Newspaper Ad Spending Slows in Q1

  • by May 23, 2001
The slowdown in newspaper advertising continued to worsen in April as major publishers reported revenue declines from ads.

Knight Ridder reported Tuesday that its advertising revenues slumped 8.6% in April compared with the same month a year ago, led by sharp declines in help wanted and general advertising.

Other major newspaper publishers have also reported advertising declines for April. Gannett Co., the largest publisher of newspapers, on Friday reported an 8% decline in advertising revenues compared with the same month a year ago.

The New York Times Co. had a 15% decline in ad revenues in April and Tribune Co., publisher of the Chicago Tribune, posted a 14% decline. Dow Jones & Co., which does not report monthly revenue figures, said that ad linage at The Wall Street Journal fell 37.2% in April.

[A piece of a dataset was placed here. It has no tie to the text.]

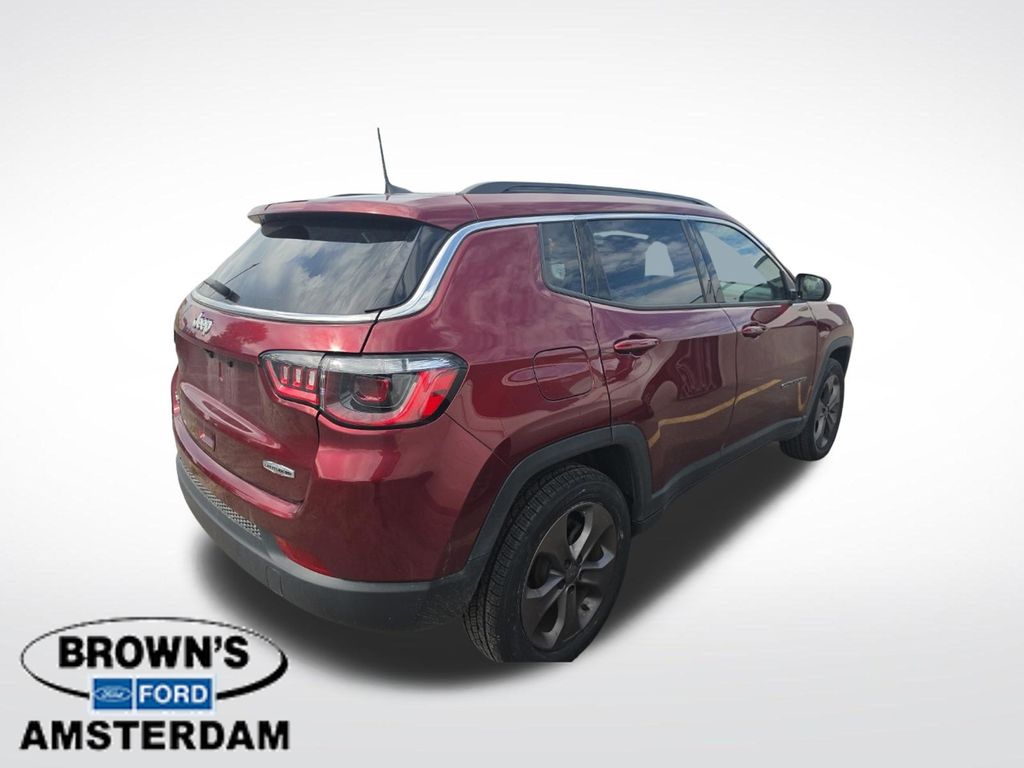 2022 Jeep Compass Latitude Lux - 6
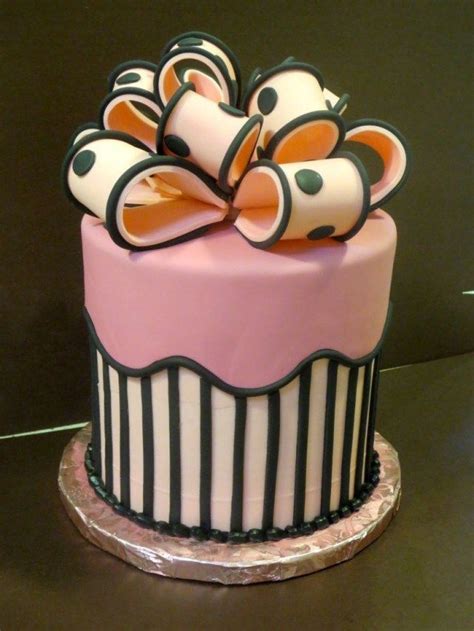 Best birthday wishes to greet your near and dear ones. 23+ Brilliant Picture of Elegant Birthday Cake | Elegant ...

And the Journal Register Company ad revenues for the five weeks ended May 6, 2001 were $27.7 million compared to $29.3 million for the five weeks ended April 30, 2000.

Overall, newspaper advertising expenditures for the first quarter of 2001 totaled $10.4 billion, a decrease of 4.3% over 2000, according to preliminary estimates from the Newspaper Association of America. It was the first such decline since the first quarter of 1992.

Retail advertising showed the smallest decline, down 0.4% to $4.6 billion. National advertising was off 3.7% to $1.75 billion, and classified advertising slid 8.6% to $4.0 billion.

"Obviously, it would be hard to match the incredible gains of last year, particularly in national, which registered an 18.7% gain in the first quarter alone," said NAA President and CEO John F. Sturm. "As is the case with other advertising-supported media, the slowing economy effected our business in the first quarter. From what we've seen, the slowdown in spending, while disappointing, isn't a big surprise."

Within the classified category in the first quarter, real estate showed a significant gain of 11.6% to $745 million, though other categories declined; recruitment advertising was down 16.9% to $1.7 billion, automotive declined 6% to $1.1 billion and all other classified decreased 7.9% to $512 million.

"We expect the overall economy to pick up in the second half of this year and that should improve the comparisons," said NAA VP/Market and Business Analysis Jim Conaghan. "The bright spot this past quarter was real-estate advertising, and that reflected the fundamentally strong housing market."